▶ _Data section_:
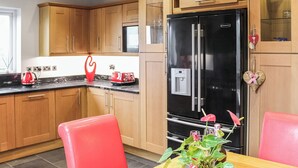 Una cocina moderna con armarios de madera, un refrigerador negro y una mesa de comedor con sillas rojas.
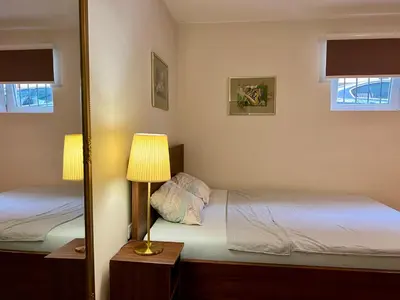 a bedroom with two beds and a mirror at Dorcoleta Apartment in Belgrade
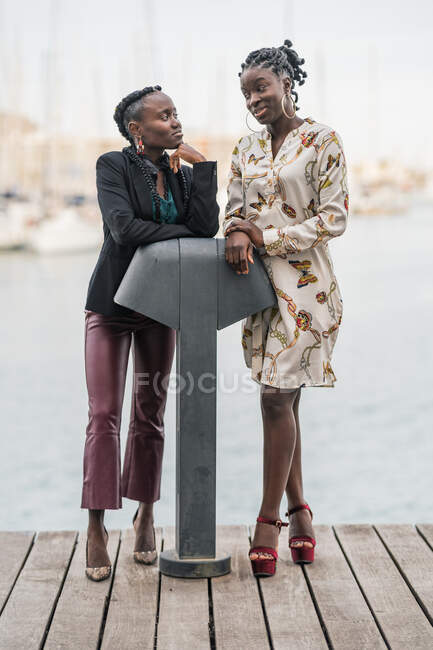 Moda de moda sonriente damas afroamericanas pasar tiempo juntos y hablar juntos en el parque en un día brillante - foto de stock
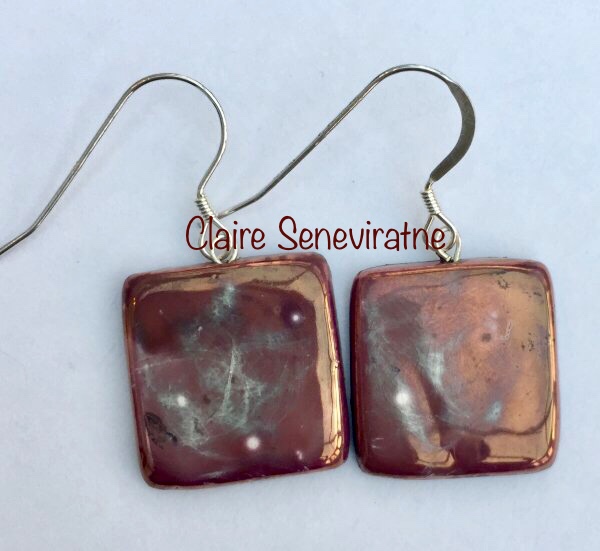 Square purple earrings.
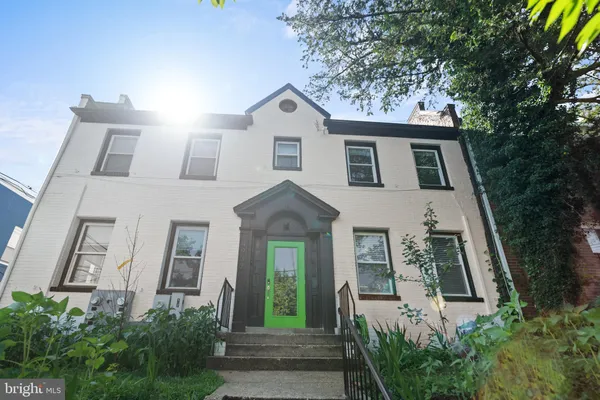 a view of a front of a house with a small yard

---

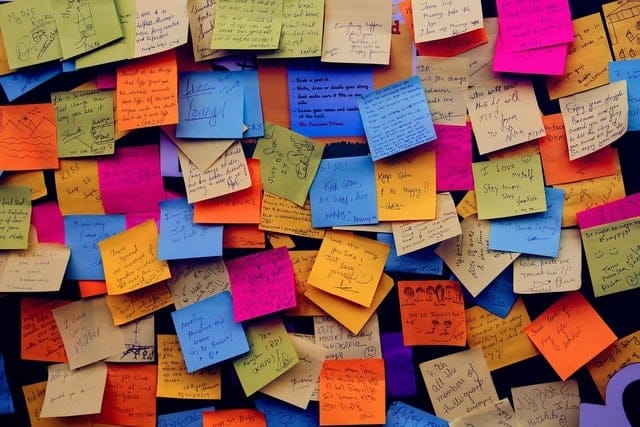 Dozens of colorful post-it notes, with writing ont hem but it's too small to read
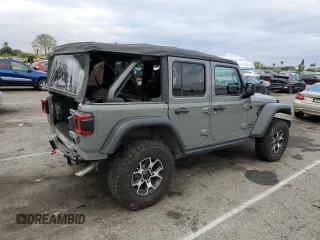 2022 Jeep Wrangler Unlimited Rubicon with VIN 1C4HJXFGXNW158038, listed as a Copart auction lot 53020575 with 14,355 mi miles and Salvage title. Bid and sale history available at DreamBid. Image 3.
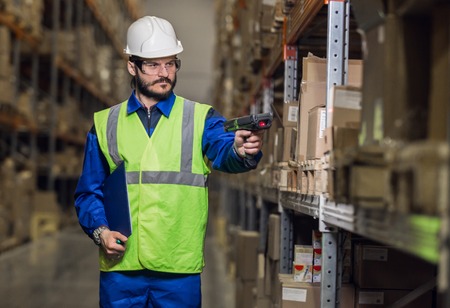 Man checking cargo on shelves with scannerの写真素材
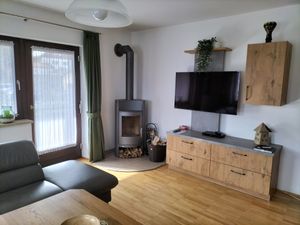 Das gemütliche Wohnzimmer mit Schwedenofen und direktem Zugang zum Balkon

▶ _What is expected_:
Output exactly the lines above, from the line with "Dozens of colorful" to the line with "Das gemütliche Wohnzimmer", both included; skip the pictures.

▶ _Written answer_:
 Dozens of colorful post-it notes, with writing ont hem but it's too small to read
 2022 Jeep Wrangler Unlimited Rubicon with VIN 1C4HJXFGXNW158038, listed as a Copart auction lot 53020575 with 14,355 mi miles and Salvage title. Bid and sale history available at DreamBid. Image 3.
 Man checking cargo on shelves with scannerの写真素材
 Das gemütliche Wohnzimmer mit Schwedenofen und direktem Zugang zum Balkon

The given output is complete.